【本部】沖縄美ら島財団総合研究センターが幻の深海魚と呼ばれる「リュウグウノツカイ」の人工授精と人工ふ化に世界で初めて成功した。約20匹の赤ちゃんが生まれたが、19日までに全て死んだという。

ふ化したリュウグウノツカイの赤ちゃん(沖縄美ら島財団総合研究センター提供)

新種の「シマツノコシオリエビ」(沖縄美ら海水族館提供)

ふ化したリュウグウノツカイの赤ちゃん(沖縄美ら島財団総合研究センター提供) 新種の「シマツノコシオリエビ」(沖縄美ら海水族館提供)

展示のエビは新種だった

 また同財団が運営する沖縄美ら海水族館で2011年から展示してきたコシオリエビが、新種の「シマツノコシオリエビ」であることが20日までに分かった。

 リュウグウノツカイの人工授精は、1月28日に読谷村都屋の大型定置網に掛かりその後死んだリュウグウノツカイ2匹の体内から取り出した精子と卵子を使った。

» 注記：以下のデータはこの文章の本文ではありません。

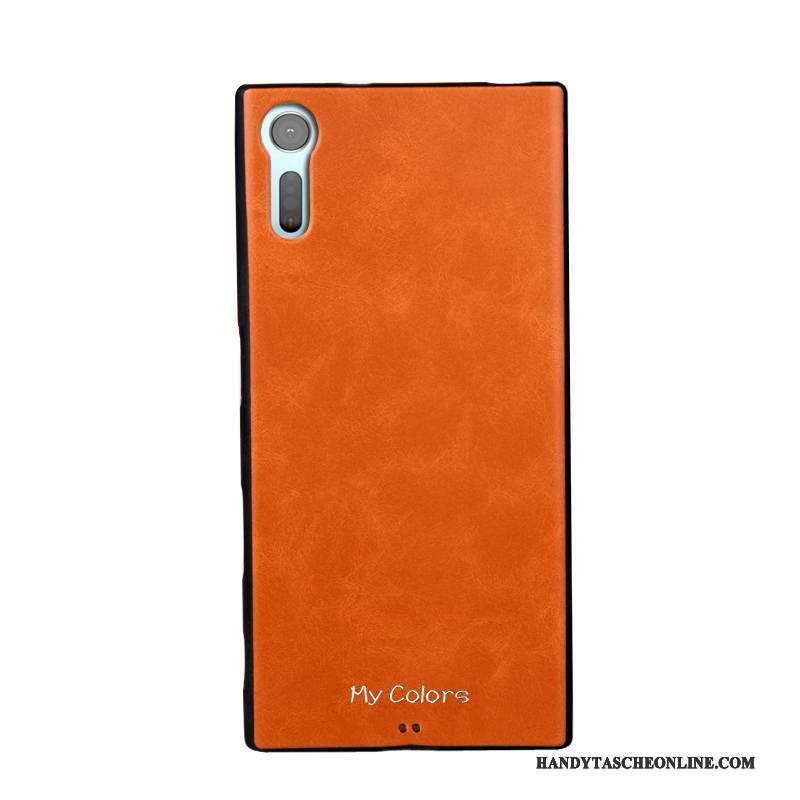 Hülle Sony Xperia Xz Taschen Nubuck Anti-sturz, Case Sony Xperia Xz Weiche Orange Handyhüllen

約2週間後に赤ちゃんが誕生。赤ちゃんは全長約7ミリで、生きたプランクトンを与えたが食べず、衰弱して死んだという。

 同センターの岡慎一郎理学博士は「今後は、赤ちゃんの映像や標本を使って、生態系の解明をしていきたい」と話している。

 シマツノコシオリエビは11年1月、久米島沖の県海洋深層水研究所の取水口(水深612メートル)で採取された。ミナミツノコシオリエビとして展示していたが、島根大学の大澤正幸氏に写真や標本を提供したところ新種であることが判明した。

 今年2月、沖縄美ら島財団は大澤氏と共同で動物分類学の学術雑誌「Zootaxa(ズータクサ)」に論文を公表した。